(DATA PROVIDED):

--- START ---

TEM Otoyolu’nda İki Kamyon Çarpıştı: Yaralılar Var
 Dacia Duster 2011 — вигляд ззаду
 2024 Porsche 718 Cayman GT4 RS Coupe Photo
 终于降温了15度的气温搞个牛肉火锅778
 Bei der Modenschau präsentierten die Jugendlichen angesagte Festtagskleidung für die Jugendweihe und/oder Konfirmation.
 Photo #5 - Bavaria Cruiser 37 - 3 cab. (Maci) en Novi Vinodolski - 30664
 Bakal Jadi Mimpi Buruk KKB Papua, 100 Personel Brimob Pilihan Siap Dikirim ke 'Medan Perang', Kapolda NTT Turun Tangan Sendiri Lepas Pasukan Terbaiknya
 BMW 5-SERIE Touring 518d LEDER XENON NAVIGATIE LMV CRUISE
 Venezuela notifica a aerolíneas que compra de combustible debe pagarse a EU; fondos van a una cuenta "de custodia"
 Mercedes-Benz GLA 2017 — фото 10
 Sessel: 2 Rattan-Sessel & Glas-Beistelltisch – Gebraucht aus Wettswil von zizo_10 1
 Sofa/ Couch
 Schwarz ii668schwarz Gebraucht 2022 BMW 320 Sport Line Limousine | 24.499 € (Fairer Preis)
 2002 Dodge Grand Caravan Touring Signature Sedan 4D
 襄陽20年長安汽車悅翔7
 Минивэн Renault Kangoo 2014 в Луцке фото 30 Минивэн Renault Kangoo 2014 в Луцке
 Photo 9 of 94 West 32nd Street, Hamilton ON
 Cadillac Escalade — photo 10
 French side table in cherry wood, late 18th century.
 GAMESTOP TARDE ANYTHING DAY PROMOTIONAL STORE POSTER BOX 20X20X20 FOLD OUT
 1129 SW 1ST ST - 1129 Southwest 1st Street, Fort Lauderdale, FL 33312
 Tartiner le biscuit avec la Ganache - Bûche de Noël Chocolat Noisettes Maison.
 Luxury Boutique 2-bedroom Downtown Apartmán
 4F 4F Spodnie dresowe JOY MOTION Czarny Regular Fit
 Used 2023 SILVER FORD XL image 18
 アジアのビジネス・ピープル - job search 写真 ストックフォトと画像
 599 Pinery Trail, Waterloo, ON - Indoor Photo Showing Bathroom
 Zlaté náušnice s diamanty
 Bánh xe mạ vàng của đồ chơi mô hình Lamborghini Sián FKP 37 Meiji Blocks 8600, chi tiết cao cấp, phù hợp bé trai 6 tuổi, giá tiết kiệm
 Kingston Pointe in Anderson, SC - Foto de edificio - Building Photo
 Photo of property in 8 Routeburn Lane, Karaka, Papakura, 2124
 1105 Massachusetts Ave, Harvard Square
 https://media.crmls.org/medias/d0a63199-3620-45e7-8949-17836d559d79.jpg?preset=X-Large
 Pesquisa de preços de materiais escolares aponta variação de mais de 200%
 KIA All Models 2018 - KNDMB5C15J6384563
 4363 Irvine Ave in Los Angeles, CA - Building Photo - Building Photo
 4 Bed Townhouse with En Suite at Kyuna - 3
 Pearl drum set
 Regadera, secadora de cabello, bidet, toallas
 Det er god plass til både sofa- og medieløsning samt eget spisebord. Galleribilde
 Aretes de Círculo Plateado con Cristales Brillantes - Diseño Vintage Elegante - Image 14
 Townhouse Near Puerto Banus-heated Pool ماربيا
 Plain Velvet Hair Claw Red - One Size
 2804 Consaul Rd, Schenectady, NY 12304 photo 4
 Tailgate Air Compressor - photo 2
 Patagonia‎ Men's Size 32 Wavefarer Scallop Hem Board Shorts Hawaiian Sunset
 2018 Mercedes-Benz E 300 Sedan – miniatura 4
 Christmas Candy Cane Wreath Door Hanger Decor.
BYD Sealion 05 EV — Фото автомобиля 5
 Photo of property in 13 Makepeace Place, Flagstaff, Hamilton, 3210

--- END ---

(TASK REQUIREMENTS):
Return every line in the records that includes the string "Hamilton".

(SOLVED EXERCISE):
 Photo 9 of 94 West 32nd Street, Hamilton ON
 Photo of property in 13 Makepeace Place, Flagstaff, Hamilton, 3210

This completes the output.